Do you ever get this feeling where you're about to sofficate, asphyxiated by your surrounding. The people you encounter, the thoughts you hold, the things you have to do. Is this world a set of rules we shouldn't cross to survive? Is the lasting of our species contingent upon respecting what others want or following our own gut feeling.
I am going through that feeling thses days. I have really a traffic jam of thoughts in my head all of which I don't think I can handle. My parents and I have clashing ideas about a particular subeject. They started discussing it with me, ending the conversation by : "do what you want", as implicitly saying "do what we want". It's a whole lot of pressure they are dragging me into. At the end, I feel that if I do what I really want I'd look a miserable apathetic selfish girl who don't give a shit about what her parents think while it's the complete opposite. In contrast to many teenagers of my age who tend to pleasing themselves by hook or by by crook, I lean towards pleasing all sides even if the solution is way far fetched and unaccepted by me. That sounds a bit frivolous in some way since accepting what I don't really want was never my thing but when it comes to my parents my kind little heart remains above all dignity. Though when I happen to be aware that my parents are completly wrong, I do not give up easily.
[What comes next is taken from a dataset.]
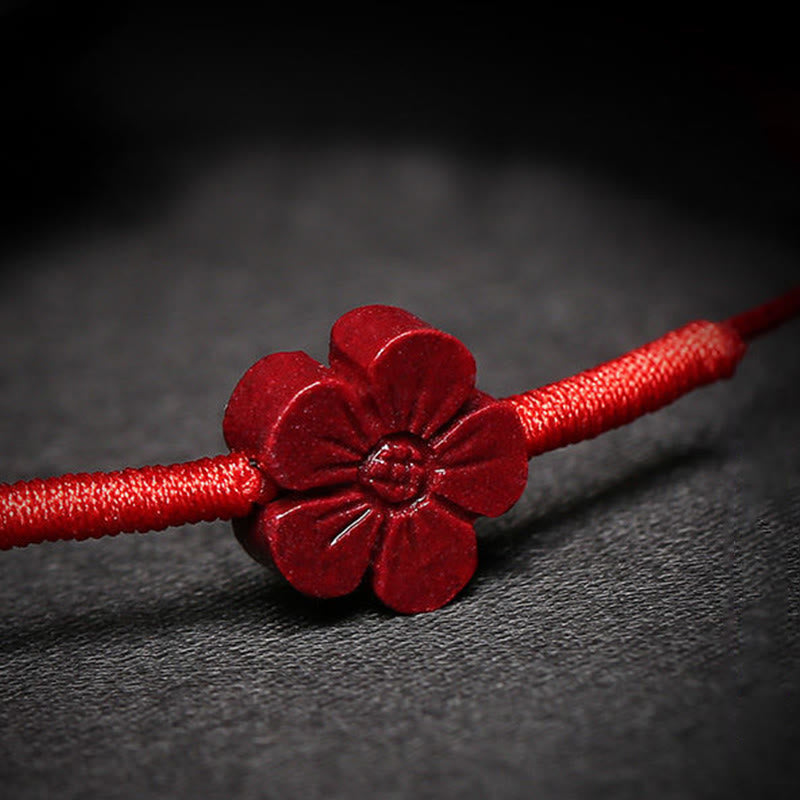 Cinnabar PiXiu Lotus Koi Fish Blessing Braid Bracelet – macro close-up of carved cinnabar flower petal details on red string, blessing bracelet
I then find myself thinking about any futility that could be conceivable by my parents. I'm even sometimes driven to rehash old arguments where I proved myself right. Yes I know no excuse encomposes how lame and clumsy it is of me to rehash old stuff but they've left me with no other alternatives.
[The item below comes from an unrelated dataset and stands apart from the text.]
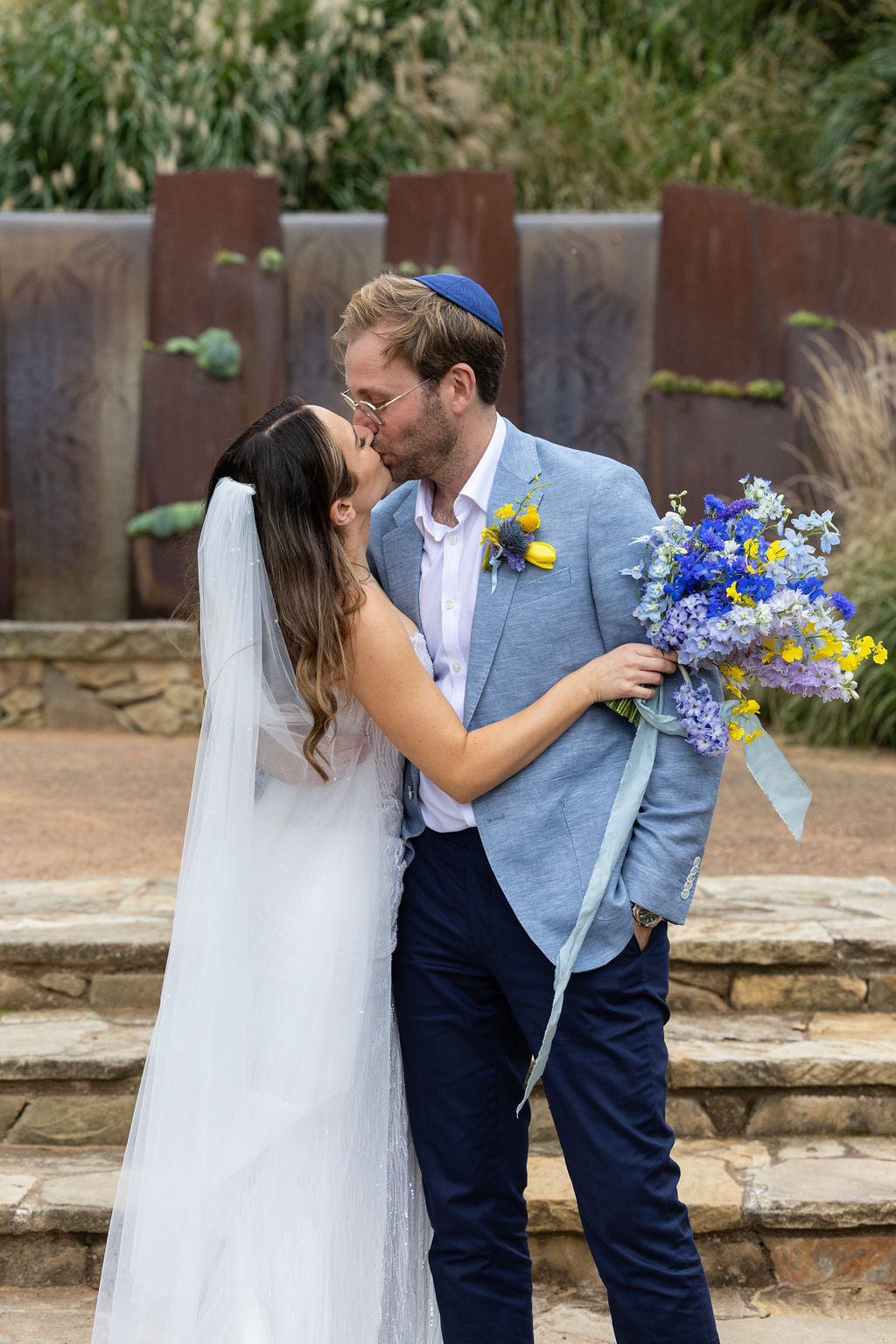 Sophie and Alex kissing outside The Stables at Bendooley Estate, with her blue and yellow bouquet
Though, I've been thinking all day about what I should do in this case. I'm no selfish apatheticgirl for I care too much about others but I really wanna be in that class. Is it really that wrong? I can't forecast what will happen then but I'm positive that I'll be more knowledgeable in English studies and communication. Although my parents are kind of leery of the importance of this class concidering the fact that my sisters didn't continue until this level. They both stopped at Adv4. Actually I won't deny that my sisters and I are alike concerning our studies but we do not agree much on this point. My passion for English was secretly growing as time passed by, exceeding that which of my sisters. Maybe my urge has more powerful assets.